MATERIALS AND METHODS
This prospective study was approved by the Institutional Review Board, and written consent was obtained from all patients. A total of 200 patients referred on clinical indication for CXR by either the outpatient clinics or general practitioners were enrolled in the study. The inclusion criteria were referral for CXR, at least 50 years of age, and being able to provide written informed consent. Exclusion criteria were body mass index (BMI) 30 kg/m2 or more, not able to hold breath for at least 5 seconds, or pregnancy. No other exclusion criteria were used. For the included patients, age, sex, and BMI were recorded. Of the initial 205 patients who seemed eligible, 5 were excluded: 1 patient was positioned incorrectly during ULDCT acquisition, 1 patient had technically inadequate lateral CXR acquisition by motion, 2 patients had erroneously been included (1 with BMI of 34 kg/m2, and 1 was 40 y of age), and 1 patient withdrew informed consent.

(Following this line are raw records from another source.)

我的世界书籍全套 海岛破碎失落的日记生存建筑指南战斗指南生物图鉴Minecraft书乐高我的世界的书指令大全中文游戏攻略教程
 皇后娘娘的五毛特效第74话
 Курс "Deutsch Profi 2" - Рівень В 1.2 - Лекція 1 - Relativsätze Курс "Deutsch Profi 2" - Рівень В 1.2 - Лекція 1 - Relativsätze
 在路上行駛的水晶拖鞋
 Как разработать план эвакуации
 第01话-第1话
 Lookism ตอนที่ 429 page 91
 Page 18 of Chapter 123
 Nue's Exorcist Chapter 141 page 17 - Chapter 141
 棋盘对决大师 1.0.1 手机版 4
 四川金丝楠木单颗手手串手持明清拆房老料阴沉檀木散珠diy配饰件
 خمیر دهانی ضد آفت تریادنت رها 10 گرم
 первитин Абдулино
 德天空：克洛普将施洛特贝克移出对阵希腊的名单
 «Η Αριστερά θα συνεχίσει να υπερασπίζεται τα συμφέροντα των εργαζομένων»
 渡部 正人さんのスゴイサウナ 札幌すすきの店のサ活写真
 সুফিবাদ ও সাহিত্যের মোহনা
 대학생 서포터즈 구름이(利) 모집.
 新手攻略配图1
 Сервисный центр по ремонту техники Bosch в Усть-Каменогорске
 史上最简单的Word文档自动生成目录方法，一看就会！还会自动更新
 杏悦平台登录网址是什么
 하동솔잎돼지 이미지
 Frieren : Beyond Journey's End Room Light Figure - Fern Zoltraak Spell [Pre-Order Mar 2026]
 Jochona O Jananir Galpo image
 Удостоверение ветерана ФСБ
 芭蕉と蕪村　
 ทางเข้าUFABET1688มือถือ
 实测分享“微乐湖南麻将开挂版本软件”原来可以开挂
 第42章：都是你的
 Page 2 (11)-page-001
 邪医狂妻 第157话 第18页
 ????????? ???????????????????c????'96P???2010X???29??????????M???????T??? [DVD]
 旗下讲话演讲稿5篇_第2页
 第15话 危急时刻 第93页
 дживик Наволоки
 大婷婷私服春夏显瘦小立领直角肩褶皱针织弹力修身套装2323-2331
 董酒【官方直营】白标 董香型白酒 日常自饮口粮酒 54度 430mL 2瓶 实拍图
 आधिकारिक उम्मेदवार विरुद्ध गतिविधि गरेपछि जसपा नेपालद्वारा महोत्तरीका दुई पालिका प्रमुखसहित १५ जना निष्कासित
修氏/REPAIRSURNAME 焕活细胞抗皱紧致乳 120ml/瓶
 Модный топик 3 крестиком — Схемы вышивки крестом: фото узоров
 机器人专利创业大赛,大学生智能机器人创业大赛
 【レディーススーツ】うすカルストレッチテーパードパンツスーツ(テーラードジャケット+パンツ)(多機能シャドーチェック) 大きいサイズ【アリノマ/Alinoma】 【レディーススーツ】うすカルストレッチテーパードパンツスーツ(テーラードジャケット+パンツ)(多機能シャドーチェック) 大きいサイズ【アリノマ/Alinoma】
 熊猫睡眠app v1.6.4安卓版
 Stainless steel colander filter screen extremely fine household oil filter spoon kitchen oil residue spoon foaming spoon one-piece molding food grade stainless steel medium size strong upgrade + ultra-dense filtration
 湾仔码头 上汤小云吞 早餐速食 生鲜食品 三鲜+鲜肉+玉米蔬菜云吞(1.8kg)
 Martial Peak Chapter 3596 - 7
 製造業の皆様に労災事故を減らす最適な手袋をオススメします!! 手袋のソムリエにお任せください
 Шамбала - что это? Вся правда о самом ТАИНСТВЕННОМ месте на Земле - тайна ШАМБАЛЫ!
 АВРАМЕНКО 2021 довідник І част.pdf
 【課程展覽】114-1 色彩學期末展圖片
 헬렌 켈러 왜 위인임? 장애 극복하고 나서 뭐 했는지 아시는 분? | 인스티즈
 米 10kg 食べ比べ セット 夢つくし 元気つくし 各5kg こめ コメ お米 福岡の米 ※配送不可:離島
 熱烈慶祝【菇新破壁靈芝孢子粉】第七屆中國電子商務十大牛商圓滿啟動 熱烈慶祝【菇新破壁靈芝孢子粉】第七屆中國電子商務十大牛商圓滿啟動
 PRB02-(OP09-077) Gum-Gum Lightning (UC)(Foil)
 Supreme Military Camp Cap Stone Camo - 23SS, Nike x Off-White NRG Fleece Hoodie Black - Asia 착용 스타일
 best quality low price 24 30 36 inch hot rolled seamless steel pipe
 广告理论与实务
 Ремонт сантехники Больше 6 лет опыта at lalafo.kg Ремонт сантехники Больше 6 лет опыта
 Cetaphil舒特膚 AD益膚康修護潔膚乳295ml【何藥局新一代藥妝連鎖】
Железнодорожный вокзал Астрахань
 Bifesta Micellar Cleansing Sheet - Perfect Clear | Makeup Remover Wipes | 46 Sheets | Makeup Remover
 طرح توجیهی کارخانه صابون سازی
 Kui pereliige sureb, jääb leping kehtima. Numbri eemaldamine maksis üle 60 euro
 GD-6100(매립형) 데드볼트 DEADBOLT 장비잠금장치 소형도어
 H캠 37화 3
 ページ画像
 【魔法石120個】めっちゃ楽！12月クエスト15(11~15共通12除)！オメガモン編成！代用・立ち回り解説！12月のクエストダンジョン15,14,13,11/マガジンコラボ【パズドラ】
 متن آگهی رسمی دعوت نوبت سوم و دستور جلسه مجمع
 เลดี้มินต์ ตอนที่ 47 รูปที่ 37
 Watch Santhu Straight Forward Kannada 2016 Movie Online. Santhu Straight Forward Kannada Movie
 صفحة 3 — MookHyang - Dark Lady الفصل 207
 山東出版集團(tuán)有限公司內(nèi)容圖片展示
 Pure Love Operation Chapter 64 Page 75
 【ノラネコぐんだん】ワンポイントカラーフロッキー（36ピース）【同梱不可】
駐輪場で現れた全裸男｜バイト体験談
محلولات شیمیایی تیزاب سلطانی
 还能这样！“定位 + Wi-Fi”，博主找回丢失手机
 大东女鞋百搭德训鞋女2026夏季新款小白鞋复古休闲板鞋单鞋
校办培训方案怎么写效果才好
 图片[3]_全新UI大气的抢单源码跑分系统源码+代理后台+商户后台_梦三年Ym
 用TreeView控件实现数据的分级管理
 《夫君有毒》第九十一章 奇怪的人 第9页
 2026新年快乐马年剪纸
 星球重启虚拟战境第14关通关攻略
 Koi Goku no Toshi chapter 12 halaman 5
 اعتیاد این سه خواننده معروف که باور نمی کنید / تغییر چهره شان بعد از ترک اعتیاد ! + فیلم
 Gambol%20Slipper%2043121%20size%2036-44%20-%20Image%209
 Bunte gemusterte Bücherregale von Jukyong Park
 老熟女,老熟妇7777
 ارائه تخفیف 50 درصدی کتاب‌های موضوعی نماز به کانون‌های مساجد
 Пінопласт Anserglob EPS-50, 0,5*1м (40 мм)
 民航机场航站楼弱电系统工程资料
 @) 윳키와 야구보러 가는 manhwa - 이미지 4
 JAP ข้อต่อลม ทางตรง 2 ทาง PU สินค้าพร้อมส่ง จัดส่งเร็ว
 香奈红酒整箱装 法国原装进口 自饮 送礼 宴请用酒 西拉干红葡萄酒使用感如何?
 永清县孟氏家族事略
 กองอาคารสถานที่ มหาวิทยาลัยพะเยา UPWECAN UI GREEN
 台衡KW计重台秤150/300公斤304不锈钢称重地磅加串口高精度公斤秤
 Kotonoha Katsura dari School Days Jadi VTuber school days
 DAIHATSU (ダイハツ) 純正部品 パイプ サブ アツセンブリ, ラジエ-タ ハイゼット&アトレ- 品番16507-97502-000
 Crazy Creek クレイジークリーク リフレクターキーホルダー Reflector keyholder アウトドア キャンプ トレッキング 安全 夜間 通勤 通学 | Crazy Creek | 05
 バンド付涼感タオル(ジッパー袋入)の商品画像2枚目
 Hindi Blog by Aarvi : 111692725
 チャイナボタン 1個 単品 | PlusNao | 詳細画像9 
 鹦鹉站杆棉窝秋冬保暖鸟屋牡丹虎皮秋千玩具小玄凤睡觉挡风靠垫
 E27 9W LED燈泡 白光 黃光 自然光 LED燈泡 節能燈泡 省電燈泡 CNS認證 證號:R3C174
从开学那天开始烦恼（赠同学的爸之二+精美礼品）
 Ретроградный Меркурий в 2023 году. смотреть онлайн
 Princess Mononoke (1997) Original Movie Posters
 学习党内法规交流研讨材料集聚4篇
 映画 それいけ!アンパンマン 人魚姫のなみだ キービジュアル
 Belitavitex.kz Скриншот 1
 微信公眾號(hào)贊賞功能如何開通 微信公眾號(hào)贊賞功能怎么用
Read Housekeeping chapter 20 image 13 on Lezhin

Image Acquisition and Reconstruction
For each patient, CXR was performed first, followed by the additional ULDCT. Studies were performed on the same day to avoid possible pathology changes. The CXR was performed standing using a Triathlon DR vertical bucky unit (Delft DI, Odelft-Benelux, Delft, The Netherlands) with the following acquisition parameters: Posteroanterior 130 kV and lateral 133 kV, 320 mA, automatic exposure control, and filtration (2.5 mm Al, 0.1 mm Cu) were used. The field size was adapted individually for each patient. The ULDCT examination was performed using a volumetric 320-detector row CT scanner (Aquilion ONE Genesis edition, Toshiba Medical Systems, Otawara, Japan). Scanograms were not acquired during this study to save radiation dose. Instead, the start of the scan range was set manually at the gantry using the traditional laser beams. During the scan, real time reconstructions were observed and the scan was stopped using the abort scan button. The scan range was from the lung apex to the full diaphragm. The CT acquisition was performed with breath-hold during inspiration. Scan parameters were helical scan, 80×0.5 mm collimation, pitch 1.388, 120 kV, 10 mA, and 0.3 seconds rotation time. The associated CTDIvol is 0.1 mGy. No iodinated contrast material was used. Images were reconstructed in a 400 mm FOV with AIDR 3D Enhanced. AIDR 3D Enhanced is a hybrid (first generation) iterative reconstruction technique, which acts on the acquired projection data, applying models of the scanner and the statistical noise distribution on the basis of noise power spectrum, enabling reducing noise and streak artifacts while maintaining the spatial resolution. The number of iterations and blending ratio is optimized in the image domain. A low-frequency 3D filter is additionally applied to the projection data to control the noise grain size to avoid undesired oversmoothing in the reconstructed images.16–18 Two series of images were reconstructed per patient. One series with 5 mm slices (2.5 mm spacing) and a soft tissue kernel (FC18) and another series with 1 mm slices (0.5 mm spacing) and a lung parenchyma kernel (FC08).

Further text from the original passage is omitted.